Right now envy uses regex-based tokeniser (until #218 at least).

We have 2 drop-in replacement regex engines: default from Go RE2 and default from Ruby oniguruma.

Recent improvements done with Go module migration #219 surfaced a new issue: it seems that tokeniser produces a bit different results, depending on which regex engine is used :/

More specifically, the token frequencies built from linguist samples are different and high-level code-generator test catch by comparing with a fixture (pre-generated with RE2) and fail on oniguruma profiles like this #219 (comment)

We need to find the exact reason and depending on it decide, if we want to support 2 versions of fixtures or change something so there is no difference in output.
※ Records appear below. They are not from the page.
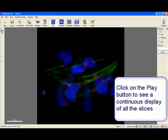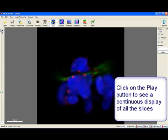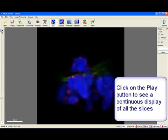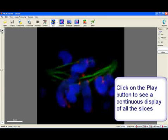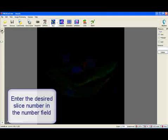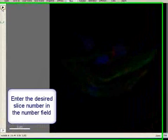By using the play button, a continuous display through all the slices in the stack is available. The number of the desired slice can also be entered in the number field at the bottom of the slider.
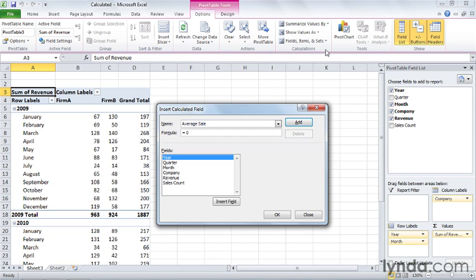To create the formula, I'll click in the formula box and backspace to delete the zero, and now I can insert fields and any mathematical operators that I want. So I want to find the average value of each sale, so I'm going to divide total revenue per month by the number of sales per month.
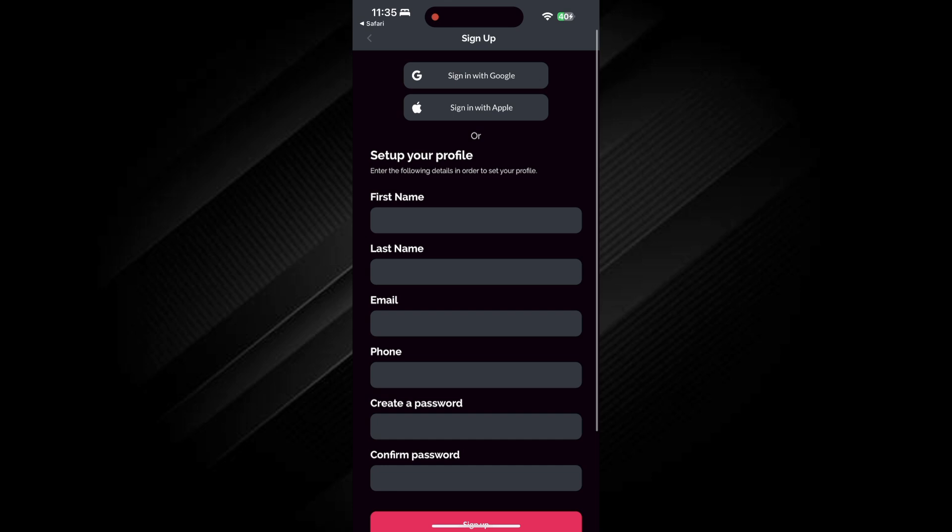If you select Fan, then enter your first and last name followed by your email and phone number. Create a password and enter it again to confirm, then tap on Sign Up.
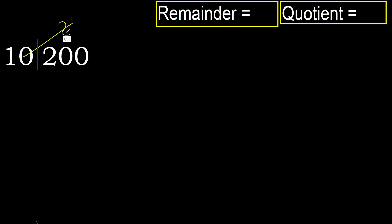Multiply by 2 is 20. Multiply by 3, 30 is greater. Therefore multiply by 2.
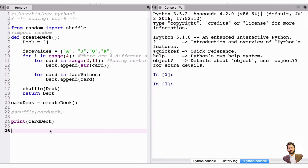Let's continue with the blackjack game we started to create. For a short recap, last time we created a createDeck function that starts off with an empty deck and gives us back a completely shuffled deck.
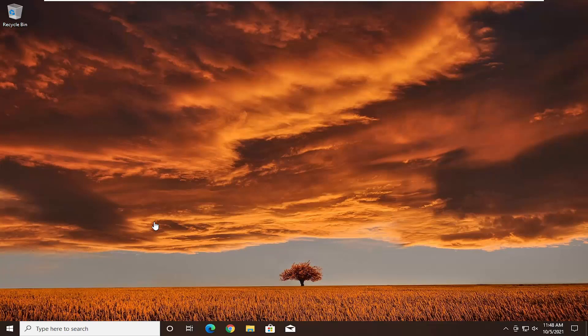First thing you want to do is make sure you have the ISO file on your bootable media. If you haven't already done it, make sure you've downloaded the media creation utility for Windows 11. I'll have a link in the description, and you can also view one of my videos on how to download the Windows 11 ISO file and burn it to a USB flash drive. Once you have your bootable media, we're ready to begin.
This also potentially affects #194

creachadair · 2019-04-12T17:09:42Z

Often I have found the differences between engines on the same regexp boil down to small variations in the handling of greed (in particular: whether operators are greedy by default), zero-width assertions, anchoring (e.g., whether it is on by default), case-sensitivity, and other meta-properties of the execution model that aren't well-specified. Obviously I don't know what the causes are in this case yet, but that's where I would start looking for examples.
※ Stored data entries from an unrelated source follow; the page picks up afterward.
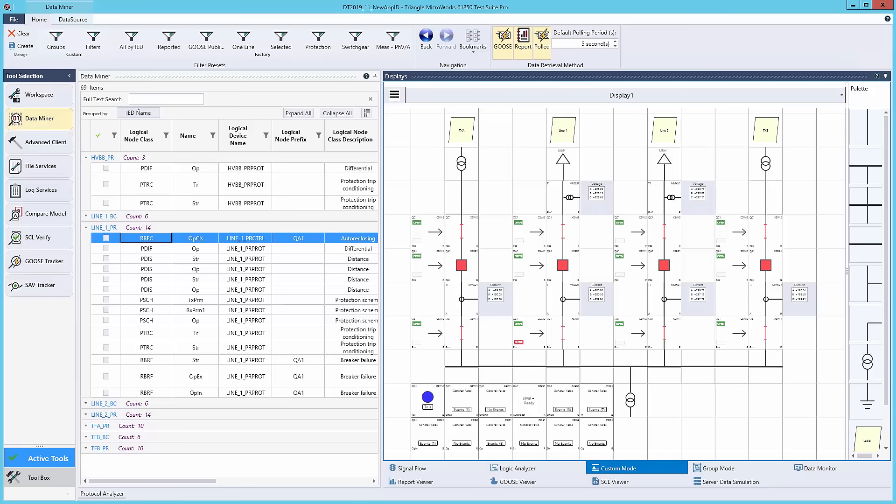I will trigger the breaker failure event in the simulated substation from DTM. When the event is finished, you'll see all the breakers open to prevent energy loss in the substation. You'll also see any other signals being sent in the data cache below the single line diagram.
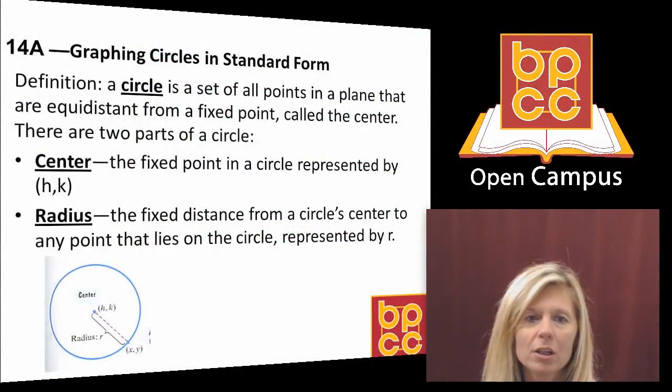We are now in module 14, and what we're going to do in this module is learn how to graph something that is not a line — we're going to learn how to graph a curve. The first curve we're going to start with is the most basic curve you've all seen since you were toddlers: we're going to learn how to graph a circle today.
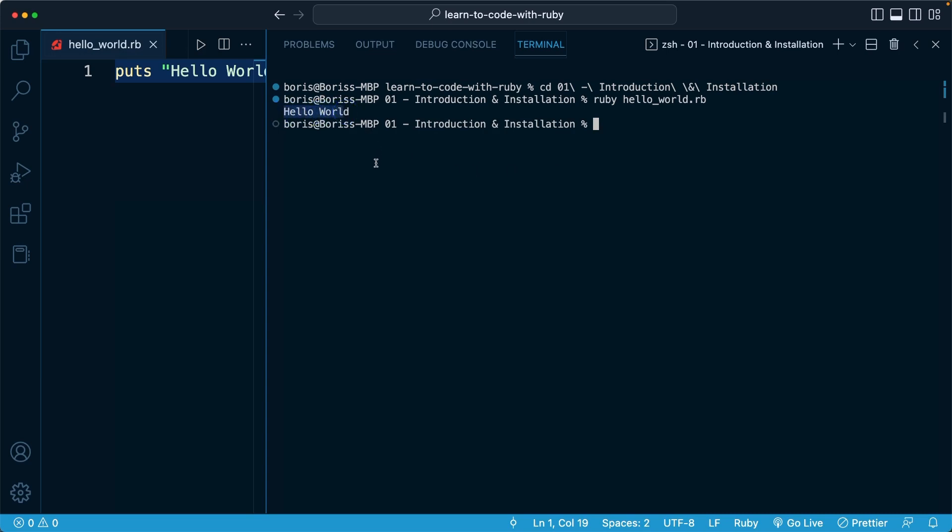This once again, is the exact same content we saw from code runner within VS code. We're just running the file directly from our terminal, from our command line.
bzz · 2019-04-16T17:59:54Z

Steps to reproduce

$ go test ./internal/code-generator/... -run Test_GeneratorTestSuite -testify.m TestGenerationFiles
ok  	gopkg.in/src-d/enry.v1/internal/code-generator/generator	35.537s

$ go test -tags oniguruma  ./internal/code-generator/... -run Test_GeneratorTestSuite -testify.m TestGenerationFiles
FAIL	gopkg.in/src-d/enry.v1/internal/code-generator/generator	34.583s

Both should produce the same results if results of tokenisation of all linguist samples are the same.;
Going to add extra tests to verify just that.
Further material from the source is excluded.